Cientos de millones de hablantes extranjeros hacen que la península sea una
insignificante isla, donde le hacen, además, competencia creciente algunas
lenguas regionales. De todas las emisoras de radio y canales de televisión que
ahora mismo, en este instante, están emitiendo, ¿en cuántas se expresan los
locutores en castellano de Castilla? Una escasa minoría en comparación con las
que tienen voz hispanoamericana. La lengua española nació en España, en
Castilla, pero ya no es propiedad nuestra solamente; más aún, la mayor parte de
las acciones están en manos extranjeras. La señora holandesa debe reflexionar y
darse cuenta de esto. Y admitir la heterogeneidad dialectal en su clase, no
distinta de la que sucede fuera, en el mundo.
File:Map-Hispanophone_World.png |
Como puede suponerse, me estoy refiriendo a la lengua
hablada, no a la escrita, que marcha por otro camino, que tiene su devenir
propio. A tal propósito, quiero señalar otra cuestión: muchos españoles (y/o
hablantes de español foráneos) no solo elevan a la categoría de modelo la
modalidad peninsular, sino que circunscriben dicho papel a una de las
variedades de España: la castellana. El tópico consiste en defender la forma de
hablar de Valladolid o Burgos como la mejor, la más correcta. No sé si la
maestra del niño finés también está en eso. Si es así, ha caído en un nuevo
error. No sabe que “la” lengua equivale a una suma de variedades dialectales, sociolectales,
etc., y que todas son igualmente válidas y aceptables.

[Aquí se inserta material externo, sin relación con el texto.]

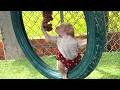 So much fun!! The amazing baby LIORA climbed On The Swing to pick grapes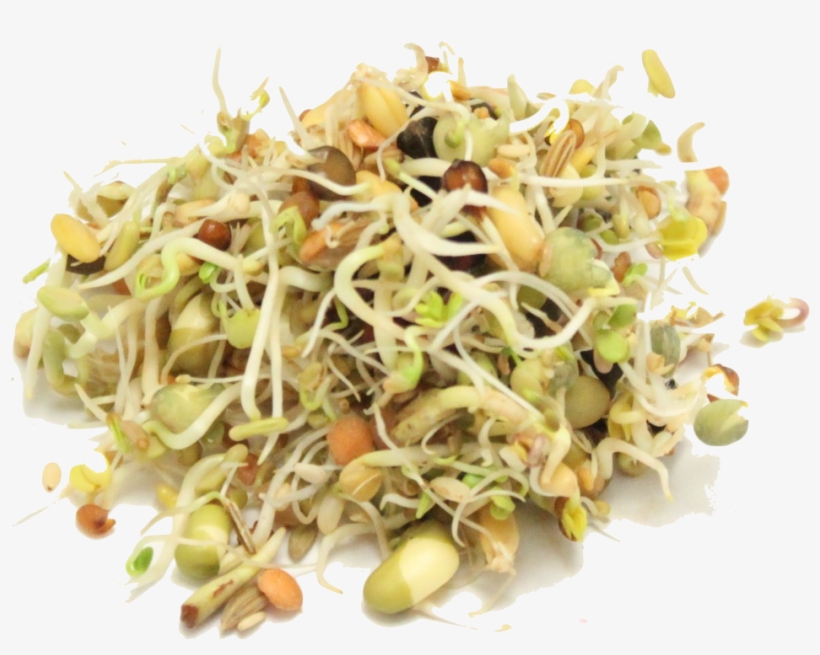 Home > Seeds > Organic Sprout It Out - Sprout It, transparent png download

Los andaluces hemos de ejercitar mucho nuestra autoestima en
este aspecto. Bastante gente opina que hablamos mal, porque lo hacemos de
manera distinta a los del norte de España: nos comemos consonantes, construimos
de forma diferente los enunciados, tenemos una retórica singular, etc. Yo creo
que aquí la equivocación parte, no del menosprecio social y cultural de
Andalucía o de su atraso histórico, según suele afirmarse también, sino de otro
factor: la consideración
-fetichista- de la lengua escrita
como forma suprema del bien hablar (nótese de entrada la contradicción: lengua
escrita – bien hablar). Semejante identificación significa un modo de pensar
equivocado. Pero así llevan entendiéndose las cosas una eternidad. Y, a partir
de tal axioma, falso, se llega a la conclusión, falsa, de que el habla es tanto
más aceptable, más correcta, cuanto más se parece a la lengua escrita y
viceversa. Regla de tres por la cual se termina otorgando la supremacía al
habla castellana, la del norte de España, por ser la más próxima a la norma
escrita, sobre los dialectos meridionales, concretamente los andaluces.
Lo mismo que cualquier otro tipo de conducta, el uso de la
lengua depende no solo del conocimiento que se llegue a tener de ella (de su
vocabulario, de su sintaxis, de las reglas comunicativas, etc.), sino también de
la interpretación y valoración que se haga de los fenómenos
lingüístico-comunicativos. Aquí nacen y perviven muchos mitos. La profesora holandesa
de español cae en un error de interpretación de la convivencia entre dialectos,
de idéntico calibre, aunque de diferente naturaleza, al de los andaluces y no
andaluces que colocan el ideal de lengua hablada en la lengua escrita.